Some use centrifuges to separate plasma and red blood cells. Others rely on the rotating force flinger to infuse pomegranate juice with a whole grapefruit, skin and all, for a less scientific, albeit much more delicious discovery.
These days, chefs, bartenders and coffee pros are stocking their workspaces with tools that seem to align less with Escoffier and more with Watson and Crick (aka the guys who figured out that DNA is a double helix). Here's what they're obsessing over:
? Centrifuge
"I look at it as an endless starting point for inspiration," Todd Maul, the bar director and partner of Café ArtScience in Cambridge, Massachusetts, says of his mechanic muse. Nathan Myhrvold's Modernist Cuisine first got him into the lab staple: "After reading about the device, I realized that a lot of what he was doing would be far more applicable to bartending, because almost everything we use behind the bar is liquid," he says. Behind the bar, the centrifuge pounds out 10,000 rotations per minute, sucking out the sour notes from citrus juice and clarifying it to make it last about seven times longer.
? Immersion Circulator
Just like humans, food likes lounging in stable warm waters. A constant in labs for microbiologists and environmentalists, the slim pump has reached a certain cult status among sous-vide-converted chefs, like The Meatball Shop's Daniel Holzman. "I'm a firm believer in old-school cooking over fire, but they're an amazing tool that allows you to hold ultra-precise temperatures," the chef says. "We're using immersion circulators at all of the shops for our poached eggs and hollandaise." On the sweet side, Top Chef Desserts winner and Tout Sweet pastry chef Yigit Pura slips bags of ganaches and glazes into the bath with a set-it-and-forget-it sort of sensibility. "When we come back, it's at the perfect temperature for glazing and emulsifying," he says. "Definitely helps to cut the time in melting, watching, and keeps product from overheating!"
? Poursteady
Want to impress the coffee nerds in your life?

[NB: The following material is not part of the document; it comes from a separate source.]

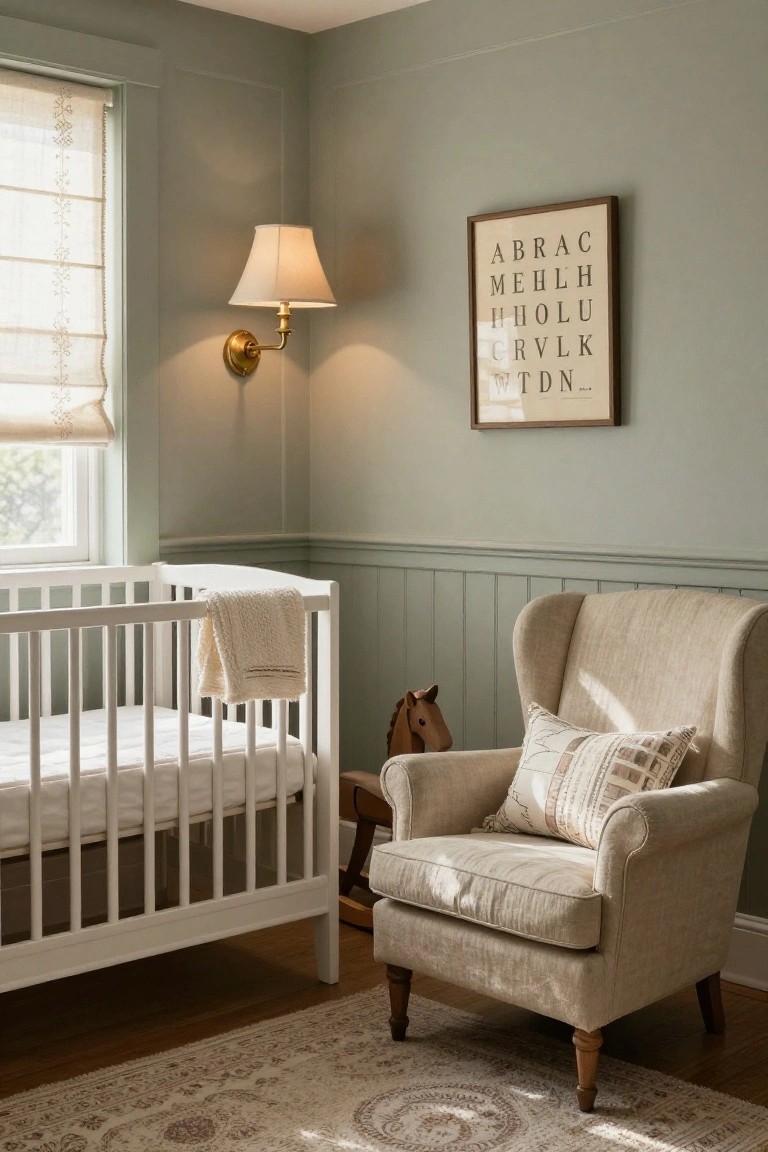 Sage green paneled nursery room with white crib draped in a white blanket, wooden rocking horse on rockers, cream wingback armchair with pillows, and framed alphabet art on the wall near a window with sheer curtains.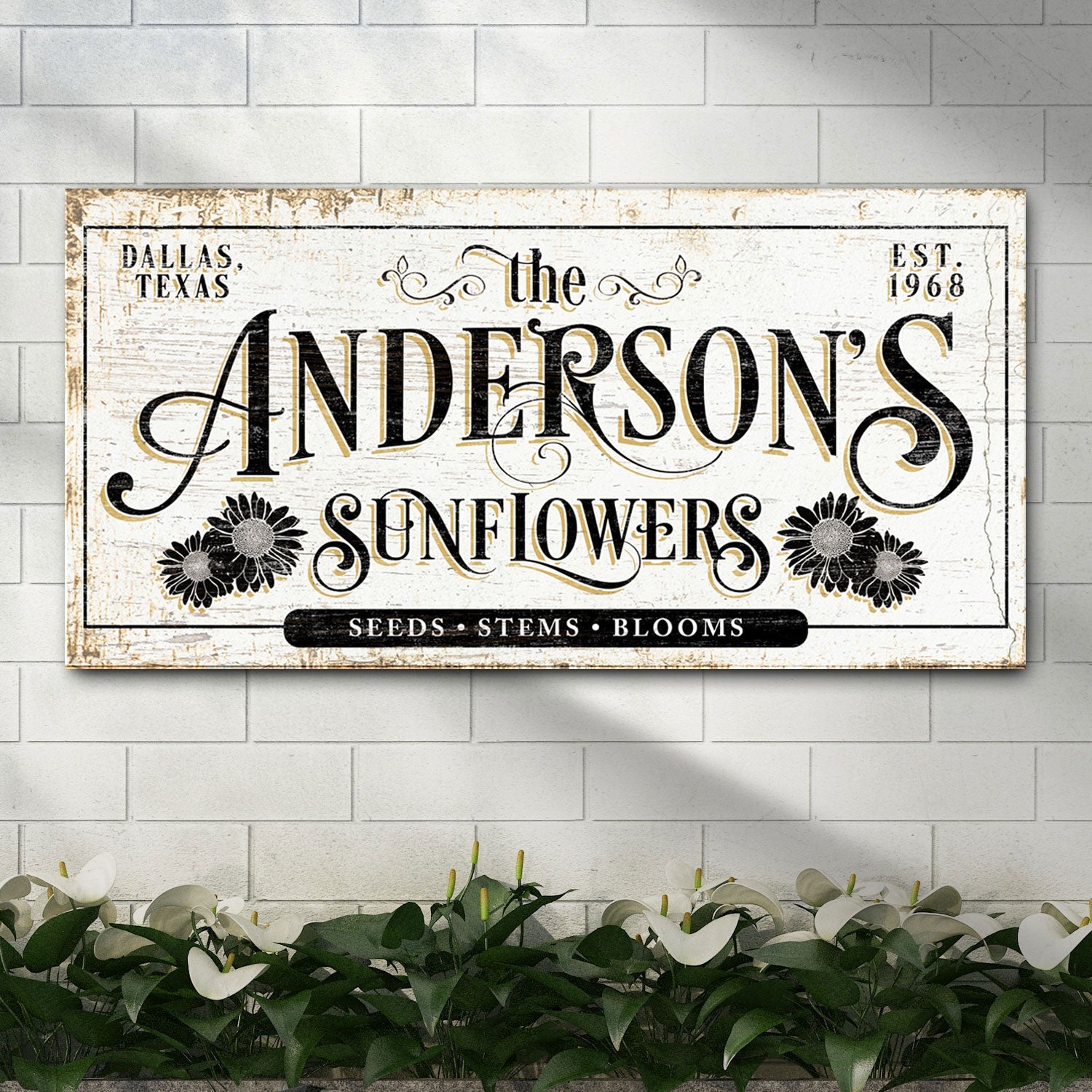 Personalized Fresh Sunflowers Sign on sale at MyriadMart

Talk about the Poursteady, an automated pour-over coffeemaker that's way better than what's hanging out in Jordan Schlansky's office. "We have been talking with Poursteady since January 2015, when we first heard about a NASA engineer who was working on making a coffee pour-over machine in Gowanus, Brooklyn," Darleen Scherer, the coffee guru behind Brooklyn's Supercrown Coffee Roasters, says. "For years, I have been following innovations in single-serve coffee ever since owning a Clover, a single-cup brewing machine, back in 2006 before Starbucks bought the company. The idea of being able to offer a list of coffee by the cup in a really dialed-in, perfected way has appealed to me ever since then." The Poursteady allows baristas to play with brewing time, water temperature, volume of water and pour pattern to make the perfect cup for each type of bean and crank out five pour-overs at a time.
? CVap
This retro-looking little box looks like it doesn't do much, but don't judge a book by its cover. Officially dubbed Controlled Vapor Technology, this glorified oven preserves the texture and juiciness of ingredients by controlling the temperature for doneness and sealing that just-cooked finish over long periods of time. Naturally, steakhouses are freaking out over it. "As chefs have become more interested in controlled low heat cooking lately with the resurgence of sous vide, this essentially is a chamber that is very specifically temperature and moisture controlled," Travis Strickland, the chef at Baltaire in Los Angeles, says. "What's amazing to me is the ability to cook several different items at the same time without flavor transfer—think duck, pork and chicken."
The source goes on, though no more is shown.